Two of the biggest turn-offs tend to happen on Twitter: one is a series of identical promotional posts that are scheduled and keep turning up in my feed. The other is when a new-to-me author follows me, I follow back, and get an immediate direct message demanding I buy the book. For me, that’s an automatic unfollow.

Another thing I don’t do is author photographs. I get a lot of flack for that. I write under multiple names in multiple genres. What I look like has NOTHING to do with my writing. I’m not an actor. I’m a writer. My words are my instrument, my words are what I share with the world. My life (which includes my looks) are separate. Readers don’t need a photograph. I have icons that designate the different pseudonyms. It’s even in my contracts. I’ve lost contracts when I refused to supply a photograph instead of the icon that is recognizable for any specific name. Interestingly enough, the ONLY time that’s happened is when the venue didn’t pay, and they wanted to run a piece of mine for “exposure.” In other words, no loss there. Unfortunately, I lost paid contracts when a newspaper ran a photograph of me that it had agreed not to run (I explained my contract). I should have sued the paper. I didn’t, but I lost a series contract thanks to that, as well as a stand-alone contact.  Because it was specified in my contract that I do not do author photographs; I only agreed to the newspaper interview because they promised NOT to run a personal photograph (I provided professional photos of the topic of the interview, which wasn’t even writing-related).  They lied to me and cost me book contracts, which means income.

I’m sick and tired of fighting with people when I hang out and they want to take pictures to post on Facebook. No. I don’t do photographs. Period. I have personal photographs that are in frames or albums with people in my life who are important to me.  I am not part of the “selfie nation”.  I could go into a whole rant on it, but people would feel I judged THEIR choices, which I don’t.  They can take and post any photo they want — as long as it’s not of me.  I have no interest in posting a selfie of me in front of something. To prove I was there? I don’t need to prove anything. That is my choice. That is my right. People can share whatever THEY chose, and it’s not up to me. But I can also choose what NOT to share.

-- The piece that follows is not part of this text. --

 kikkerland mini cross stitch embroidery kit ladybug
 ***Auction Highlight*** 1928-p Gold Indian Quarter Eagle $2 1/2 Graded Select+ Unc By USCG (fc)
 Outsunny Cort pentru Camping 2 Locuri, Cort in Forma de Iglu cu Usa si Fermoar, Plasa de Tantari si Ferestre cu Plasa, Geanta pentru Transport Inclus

Social media has done a great deal to expand my work’s reach. At the same time, I’m not willing to stop being who I am for fear of offending readers. I’m politically active — in life and on social media. At this particular juncture in time, my very life and that of my family depends on my so being. I’m not going to stop. That may turn off readers. Chances are, they are readers who wouldn’t like my books anyway, because my characters stand up for social justice and tolerance, and fight against oppression, tyranny, racism, bigotry, misogyny. Readers who don’t believe in those issues aren’t going to like my books anyway. Nor will I let them bully me by threatening not to buy my books if I’m politically active. Then don’t buy my books — you are not my target audience. It is your choice where to put your money. I’m an advocate of conscientious consumerism, and means respecting the choice of those who’d rather put their money elsewhere. We’ll go our separate ways. YOU are not going to change what I write. I write what I write, and I endeavor to get it out to the widest audience possible, who then CHOOSES if it’s what they want or not. It’s fine to be “not”. There are plenty of books and authors that don’t work for me. I wish them well in their careers and move on.  I don’t argue with them or publicly trash them.  I move on.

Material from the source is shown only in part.